Robert William White (May 25, 1929 – March 5, 2011) was an American professional football halfback who played in the National Football League (NFL) with the San Francisco 49ers, Cleveland Browns, and Baltimore Colts. He played college football for the Stanford Indians and was selected by the 49ers in the 16th round of the 1951 NFL draft.

==Early life==
Robert William White was born on May 25, 1929, in Los Angeles, California. He attended Herbert Hoover High School in Glendale, California.

==College career==
White played junior college football at Glendale College in 1947. He transferred to Stanford University, where he was a three-year letterman for the Indians from 1948 to 1950. He graduated from Stanford with a bachelor's in history.

==Professional career==
White was selected by the San Francisco 49ers in the 16th round, with the 184th overall pick, of the 1951 NFL draft. He signed with the team on June 17. He played in all 24 games, starting one, for the 49ers from 1951 to 1952, recording 32 carries for 66 yards and one touchdown, 15 receptions for 209 yards and two touchdowns, and one interception on defense for 11 yards. He missed the 1953 and 1954 seasons while serving as a first lieutenant in the United States Air Force during the Korean War. White re-signed with the 49ers for the 1955 season. He was released on September 15, 1955, before the start of the regular season.

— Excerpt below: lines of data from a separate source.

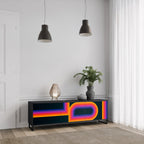 BLINDED BY THE LIGHTS 3-dörrars TV-bänk i svart finish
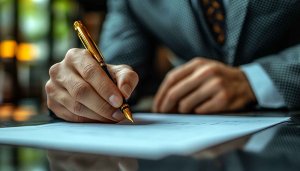 Businessman Signing Contract Agreement 4K Desktop Background, Corporate Mobile Wallpaper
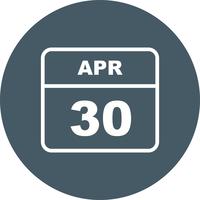 April 30th Date on a Single Day Calendar vector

White signed with the Cleveland Browns on October 2, 1955. He played in eight games (one start) for the Browns in 1955, returning 10 kicks for 258 yards and two punts for 28 yards before being waived.

White was claimed off waivers by the Baltimore Colts on November 23, 1955, after Don Shula was placed on season-ending injured reserve. White appeared in the remaining three games for Baltimore, returning four kicks for 142 yards.

==Personal life==
White died on March 5, 2011, in Southlake, Texas.